The Website Host, Mary Anne Whitchurch Tuck—Class of 1953, posted on the website’s “home page” that she was available for questions, suggestions, or information.  So . . . 

I sent an email to her and asked if she could pass on my name and address to the 1942 alumni, or if could she provide me with any of their contact information.  I explained to her I was trying to recreate my father’s school years, and I was hoping that a few of them might remember my father and, if so, I wanted to know what they remembered about him.  She so kindly responded (almost immediately!) that she was sending me a list of the class with the addresses of who were still alive (there were 22 of them).

Next, I wrote a form letter to be sent to each class member.  I realized that they would all be in their late eighties, so I tried to make it as simple and easy as I could to get a response.  My letter introduced me, told them my dad was in their graduating class, and included a request that if they could remember anything at all about him—good or bad, to please write one sentence about him.  I printed his graduation picture at the bottom of the letter hoping it would help them to remember him.

I also included a sheet of paper with several questions that might trigger a memory (I only asked them for one memory) and gave them a spot to write it on.  I had a check box at the top to check for those who did not remember him.  I included a self-addressed, stamped envelope, again, trying to make this as easy as I could for them to respond.

Well, it worked!  So far, I’ve gotten five responses from those who did not remember him at all (a couple of them in nursing homes with dementia, and the responses came from their children who were kind enough to try and get them to remember).  Seven people have responded that they did remember him, and each of them stated that he was quiet and shy—so maybe that’s the reason the others couldn’t remember him!  I'm hoping to hear from more, but I consider 12 responses out of 22 an excellent return.

What have I learned about my father when he was in high school?
  • Dad was very shy and quiet.  He was polite.
  • Dad was "kind of a loner."
  • He was smart.
  • He was laid back.
  • He was a tall, thin farm boy.
  • He rarely, if ever, went to any school activities.
  • He rode the Clement bus to high school.
Ray Rowe on Graduation Day
A lot of my information came from the lady who wrote the class trip article on the alumni site.  Because the class was so small, everyone knew each other, and she didn’t think he attended West Branch High School before his senior year, but transferred in from another school from Gladwin County.  He was one of the “farm” boys who was able to get extra gas rations and therefore could take a carload of students to Houghton Lake on their Senior Class Trip.  She sent me a picture of him walking through town with two other students (a back view, but at least it was labeled in her scrapbook that it was him!).
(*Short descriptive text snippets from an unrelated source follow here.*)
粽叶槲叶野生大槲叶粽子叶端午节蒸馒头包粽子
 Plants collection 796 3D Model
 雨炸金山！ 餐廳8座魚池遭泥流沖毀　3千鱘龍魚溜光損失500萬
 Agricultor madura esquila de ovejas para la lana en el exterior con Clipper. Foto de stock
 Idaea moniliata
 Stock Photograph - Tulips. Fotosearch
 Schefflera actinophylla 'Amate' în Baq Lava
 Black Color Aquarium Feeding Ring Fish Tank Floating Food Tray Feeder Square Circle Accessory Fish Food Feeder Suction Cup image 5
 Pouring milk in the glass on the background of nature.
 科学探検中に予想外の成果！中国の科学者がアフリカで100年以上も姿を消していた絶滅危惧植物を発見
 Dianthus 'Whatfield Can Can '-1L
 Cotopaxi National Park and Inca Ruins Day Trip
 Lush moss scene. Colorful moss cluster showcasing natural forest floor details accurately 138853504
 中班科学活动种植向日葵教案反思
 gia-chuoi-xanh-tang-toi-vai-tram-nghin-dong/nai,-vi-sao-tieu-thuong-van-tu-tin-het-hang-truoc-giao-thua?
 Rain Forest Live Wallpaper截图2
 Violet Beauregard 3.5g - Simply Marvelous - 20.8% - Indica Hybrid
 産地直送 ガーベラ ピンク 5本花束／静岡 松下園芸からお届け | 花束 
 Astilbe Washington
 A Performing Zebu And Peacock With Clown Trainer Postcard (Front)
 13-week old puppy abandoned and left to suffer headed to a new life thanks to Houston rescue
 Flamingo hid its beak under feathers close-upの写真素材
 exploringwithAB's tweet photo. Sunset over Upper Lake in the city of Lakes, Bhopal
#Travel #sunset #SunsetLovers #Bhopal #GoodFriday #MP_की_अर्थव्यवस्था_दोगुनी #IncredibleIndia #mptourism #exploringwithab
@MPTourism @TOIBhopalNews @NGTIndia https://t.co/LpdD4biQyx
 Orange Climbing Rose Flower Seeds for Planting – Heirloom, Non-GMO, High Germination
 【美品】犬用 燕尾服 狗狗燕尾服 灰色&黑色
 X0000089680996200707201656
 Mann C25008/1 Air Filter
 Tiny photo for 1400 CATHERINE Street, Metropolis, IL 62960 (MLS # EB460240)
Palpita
I also heard from another woman who remembered him well, mostly as being very good looking (she was only 16 at graduation) and she was very fond of him.  She didn’t do anything socially with him and only knew him through the class and school activities.  But from the tone of her note . . . well, I remember being a teenager dreaming about being with a cute boy!

Another response came from a fellow genealogist, the niece of one of Dad’s former classmates who is now in a nursing home with dementia.  She had no children from her marriage and this niece is in charge of her affairs.  This kind woman said she kept working with her aunt to try and remember dad but had no success.  So she took it upon herself to research at the school, the library, the local historical  newspapers, and the historical society, hoping to find an old yearbook or records or something where there might be a picture of dad in a school sport or other activity.  She didn’t have any success, but did duplicate a photo of the high school, along with a photo of the community building where the graduation took place (both buildings have since been torn down and re-built), and from her aunt’s records I got a copy of the commencement program, a class picture, the graduation announcement and my father’s name card.  Talk about going above and beyond!  She even said she’d keep searching for me . . . what an amazing community of genealogists we have out there!

As I’m writing this and putting together the high school portion about my father in his life story, I have to remember to get as much information as I can NOW from my mother about her school years.  I also need to write about my school years!  If my descendants are as curious about my life today as I am about my ancestors lives, this is the least I can do for them!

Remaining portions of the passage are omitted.